Work task: Below are records that contain pictures; transcribe the text exactly and omit the pictures.

(Records from a dataset)
::::
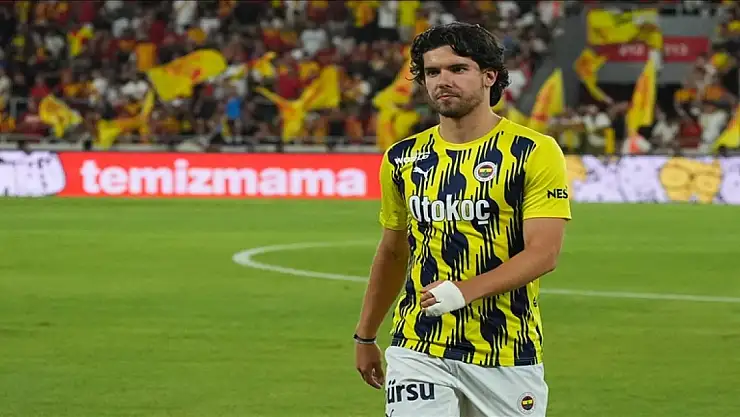 Ferdi Kadıoğlu, Brighton ile transfer görüşmeleri için İngiltere'ye gitti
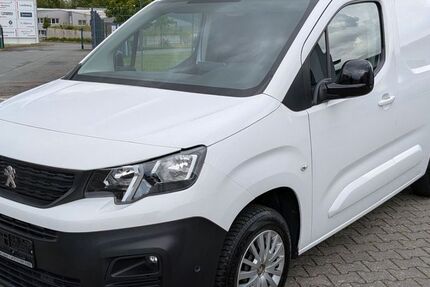 Peugeot Partner 68.600 km 11.990 &euro; Lage 32791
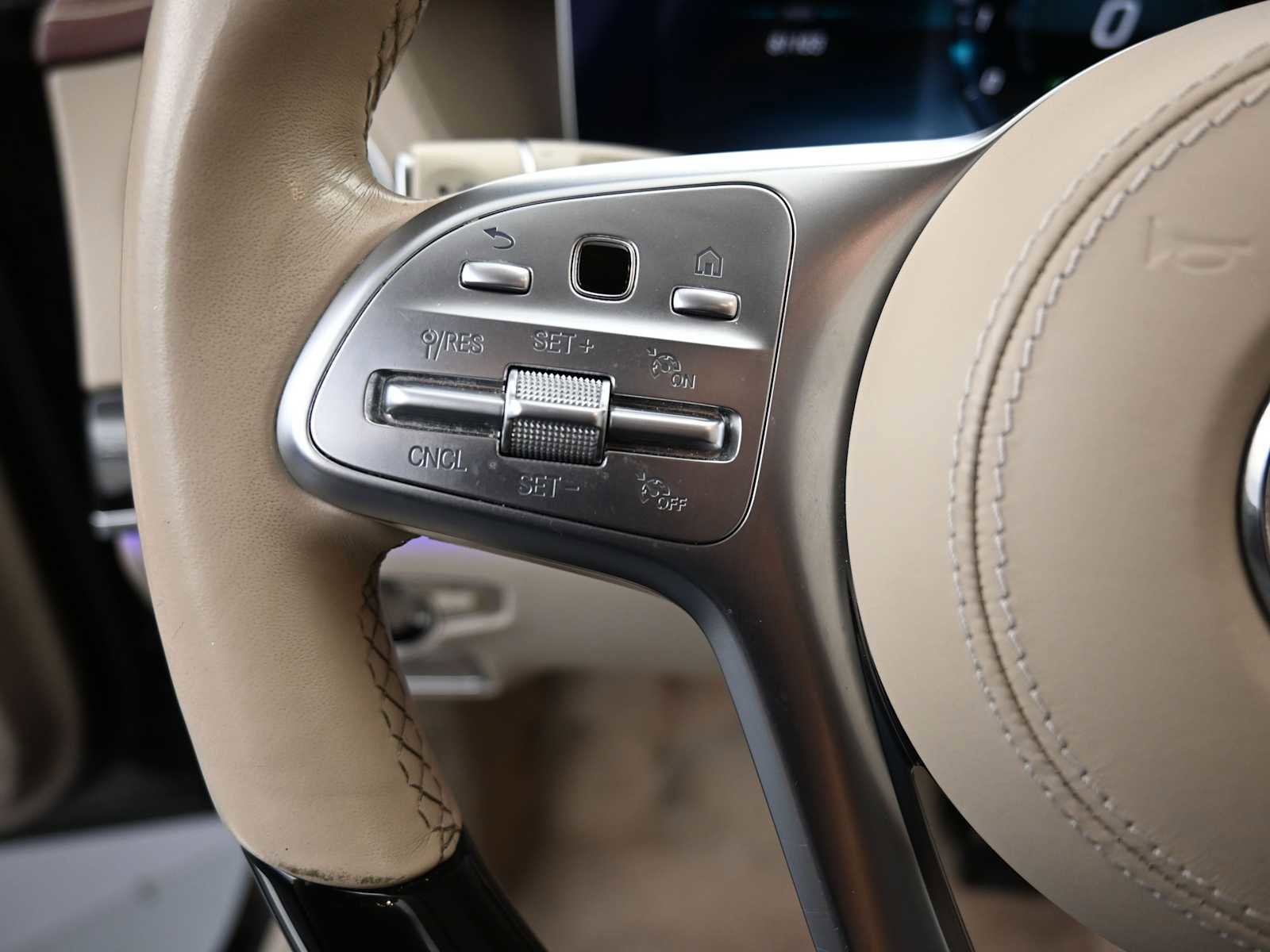 Used 2018 Mercedes-Benz S 560 Sedan image 12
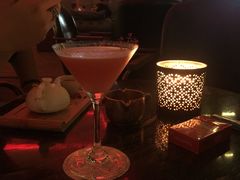 -饮湖威士忌鸡尾酒吧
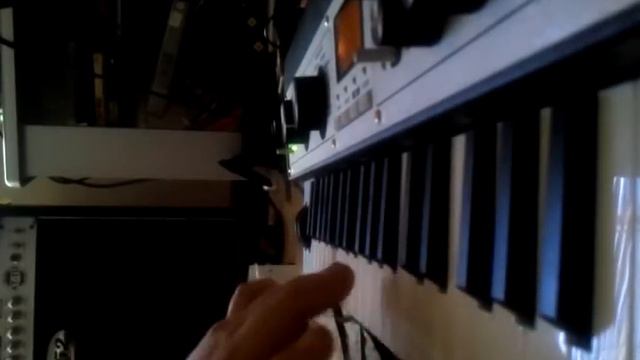 Hysteria - MicroKORG XL смотреть онлайн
::::
Output of the exercise:
 Ferdi Kadıoğlu, Brighton ile transfer görüşmeleri için İngiltere'ye gitti
 Peugeot Partner 68.600 km 11.990 &euro; Lage 32791
 Used 2018 Mercedes-Benz S 560 Sedan image 12
 -饮湖威士忌鸡尾酒吧
 Hysteria - MicroKORG XL смотреть онлайн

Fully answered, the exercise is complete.